I am a finance major and although things are interesting, I don't see a career I can handle. All the internships I've applied to seem to require that I be "outgoing." Needless to say, the interviews didn't go well either, but I probably wouldn't have excelled in any of those positions anyway. Today, my professor kind of hinted that I wasn't suited for business... =T I'm in my fifth year of college and really don't want to change majors again.


----------



## sushiwithfish (Mar 10, 2007)

don't change major, if you decided on a major stick with it and since you're already in your 5th year, graduating soon, right?? 

well, something i could think of is maybe find a partner to open a business with. open a cafe shop or something like that, those always make money. you can do the book keeping and your partner can do other stuff that require being outgoing. 

by the way how you got through those business courses? those classes make you do a lot of presentations and group work. that's why i avoid taking anything business related unless it's about computers.


----------



## onlylordknows (Apr 27, 2004)

what did the professor say? what type of internship positions are you seeking? This matters quite a lot
just because you are introverted and not outgoing, he thinks you aren't suited for business? I find that ludicrous. Unless you are applying for a sales/financial advising type position, you can be successful in business. A lot of phD physics and math graduates who are introverted get taken up by big investment banks on wall street. If you have good quantitative/technical skills, you can gain respectable positions in the field of business.


----------



## UltraShy (Nov 8, 2003)

I graduated with a finance degree in May 1995. Haven't worked since.

My education, knowledge, and interests would make me ideally suited to be a financial advisor. Only one problem: that requires dealing with people.


----------



## chrisman19 (Nov 27, 2003)

THere's no one who knows what you mean more than me.
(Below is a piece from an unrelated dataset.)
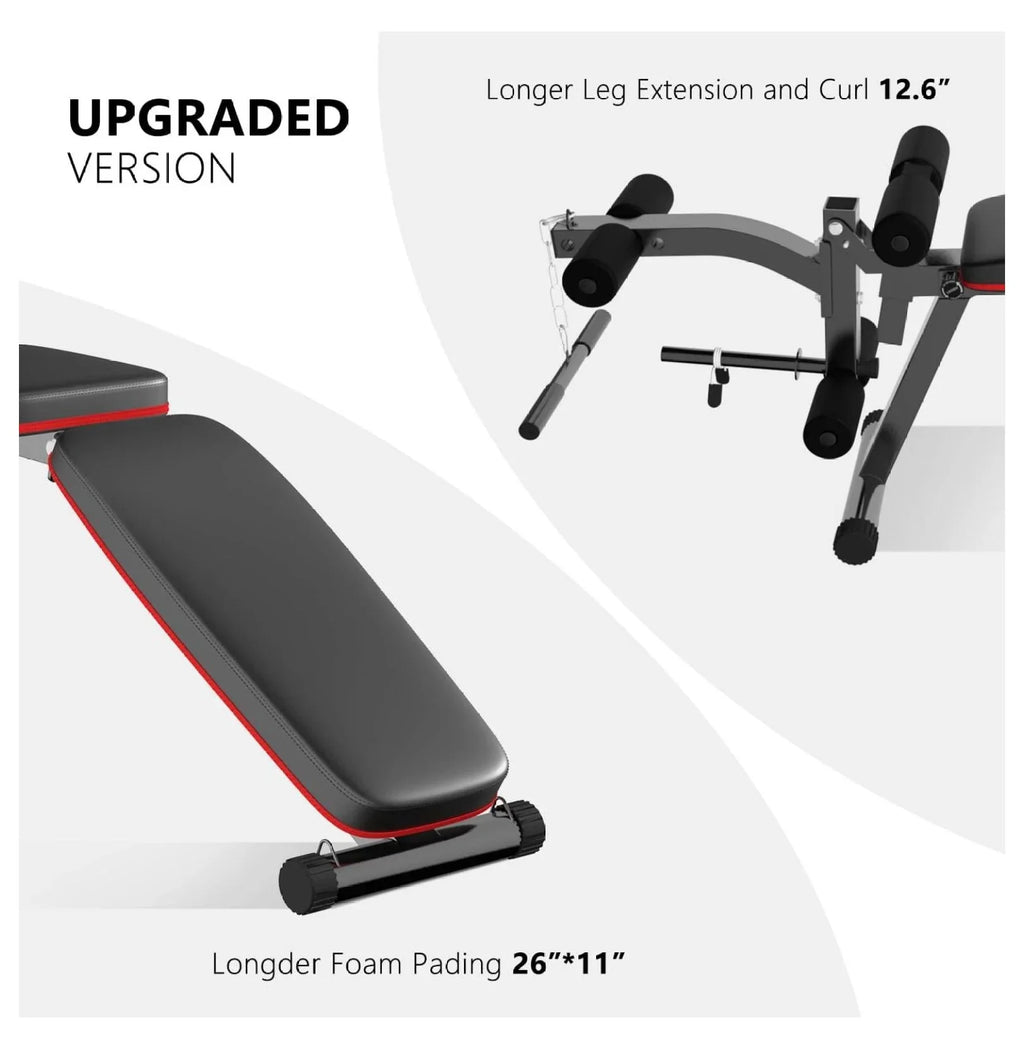 Weight Bench Equipment Bench Home Bench Adjustable Extension, Gym Incline Leg Exercise with Training Decline Workout Strength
I graduated with a FInance degree last December '06. I got a finance internship while I was in school, but I haven't found a job yet since I graduated.

You're absolutely right-every Finance/Business job wants someone who is outgoing, self-confident, loves a challenge, works well under pressure (come on, who does?), able to learn quickly, etc. 
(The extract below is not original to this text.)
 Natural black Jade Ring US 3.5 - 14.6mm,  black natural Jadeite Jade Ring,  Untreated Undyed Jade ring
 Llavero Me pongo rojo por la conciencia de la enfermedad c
If you decide to continue with Finance, you'll find job options that fall into two categories (I classify them this way, anyway).
Option 1: Sales
There are tons of openings for Financial advisers or insurance salesmen all over the place. In these jobs (in case you don't already know) you're put through a short training period on a salary (maybe 5 months) and then after that, you're on your own (now it's up to you to make your own money, most of which your employer will take from you)...you've got to get on the phone and cold call people, give presentations, and anything you can do to get business to generate commissions or live off fees once they take away your salary. Statistically, 60% of people who try this type of job fail (are fired) because they can't get enough business for their company. THat's why there are so many openings-there's such high turnover.

Option 2: Work your *** off 50+ hrs/wk type jobs
Investment banking, corporate finance, insurance, commercial banking.
Some of these jobs will require moving to a big city, and you've got to start low and work your way up over the years. I've heard it's hard work, but probably a better option than sales for someone with SA.
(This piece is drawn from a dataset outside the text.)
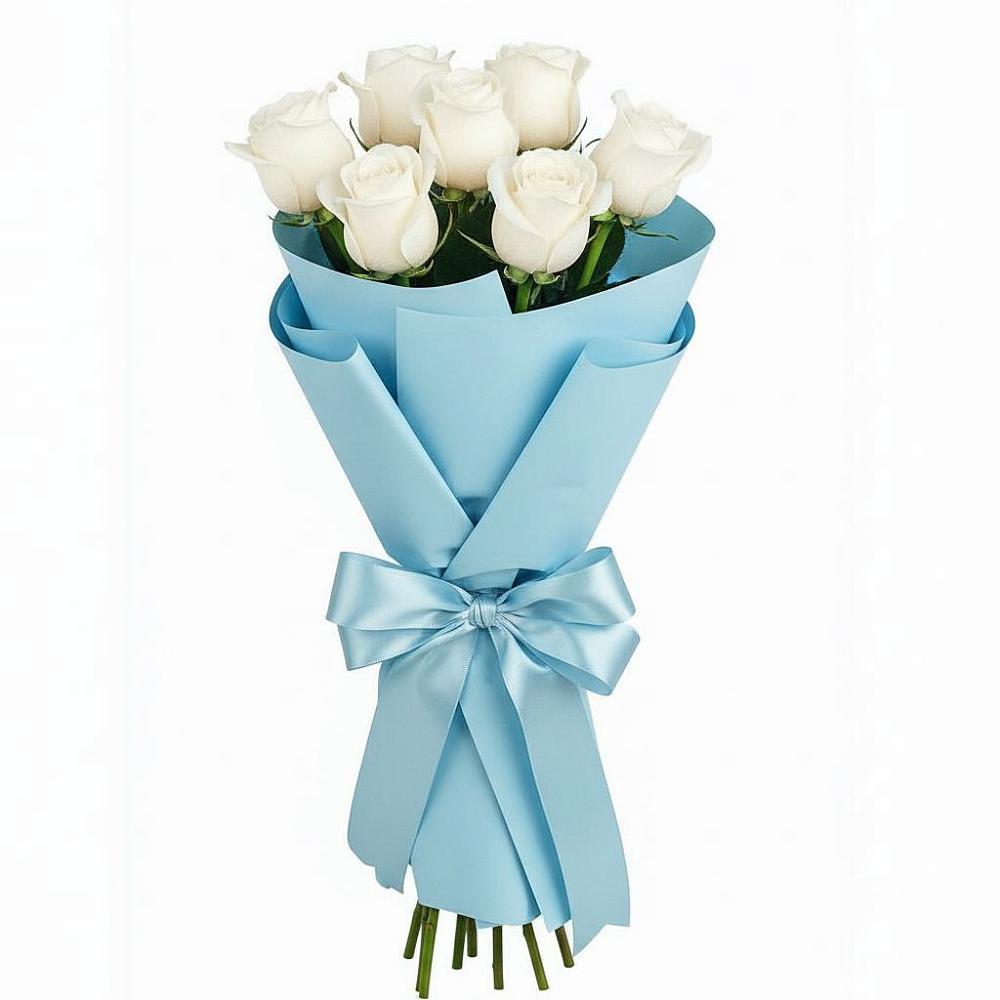 Букет 7 белых роз Проуд в Каменке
I was in the same situation as you when I was studying Finance-I debated whether or not to do it too-but I decided to stick with it because I was already deep into it anyway..I'm not the business type of personality either-most of the time while I was interning in college I didn't talk to anyone and people wondered why I was so quiet.

One option I've been considering is going to grad school and studying Economics (for this you'll need intermediate macro and micro, plus a little Calculus, but some schools will require more math than this). My plan may be to be a Professor in a community college someday. I think being a Professor would be much more enjoyable and relaxing, and more rewarding. Plus you won't have a boss breathing down your neck every 10 minutes telling you to get something done faster...you're free to teach in your own way instead of doing everything your boss's way...and you teach only a few classes a week so you don't put in as many hours of work...the only drawback is the money-it doesn't pay as much as a job working in private industry, but I'd rather do a job I enjoy that pays less than do something that I don't like that pays more.

Just wanted to let you know that I can relate.


----------



## toxqan (Jan 12, 2013)

I studied economics at both undergraduate and graduate level and my most recent job was in finance so I almost fit the bill. I don't think there are any shortage of jobs for finance majors and If you enjoy the courses you should probably stick with it. I do think the previous poster is right about the dichotomy between sales and more analytical and technical jobs. Social anxiety has pushed me toward the latter... but I think that is more interesting any way. I've long been suspicious toward sales types anyway.


----------